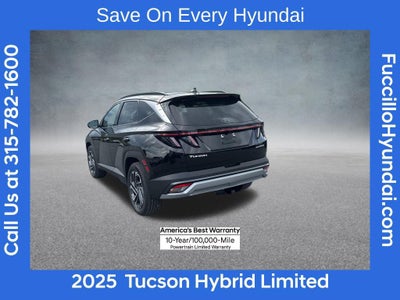 2025 Hyundai TUCSON HYBRID Limited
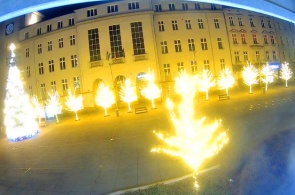 Marktplatz. Chorzow-Webcams online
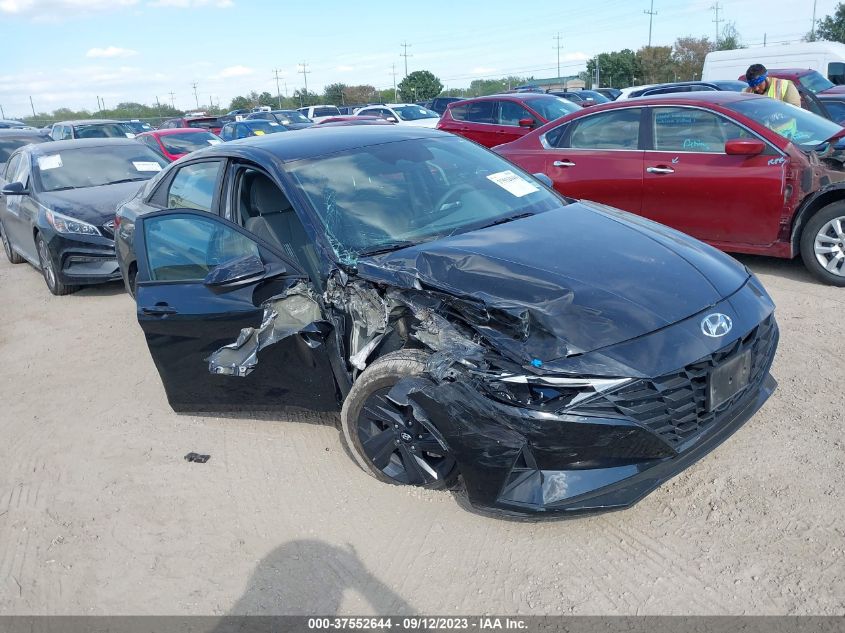 5NPLM4AG6PH102582 Hyundai Elantra SEL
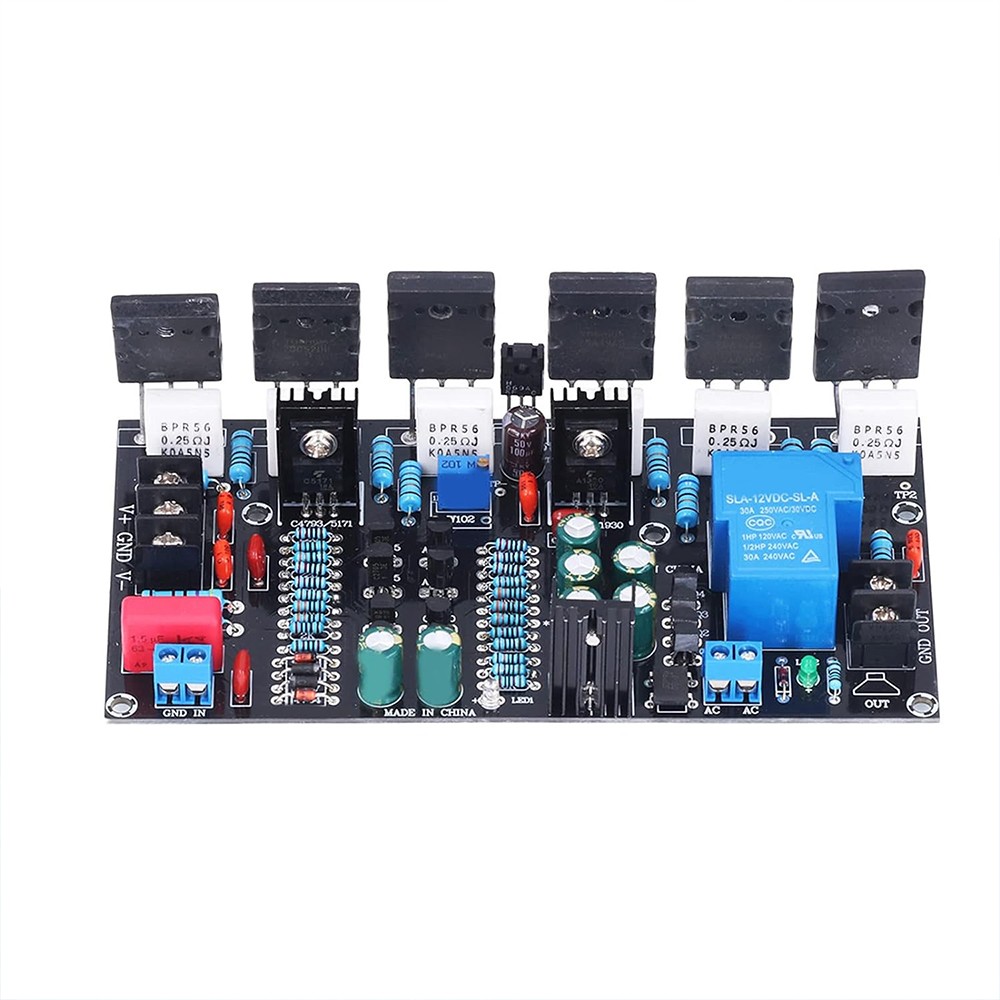 DC ±20-90V PCB Audio Rear Amplification Module Power Amplifier Board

|---|

### Your objective
Once the line containing "Marktplatz. Chorzow-Webcams online" has been found, write out exactly that line and each one after it through the end of the data, leaving out every picture.

### Solution to this exercise
 Marktplatz. Chorzow-Webcams online
 5NPLM4AG6PH102582 Hyundai Elantra SEL
 DC ±20-90V PCB Audio Rear Amplification Module Power Amplifier Board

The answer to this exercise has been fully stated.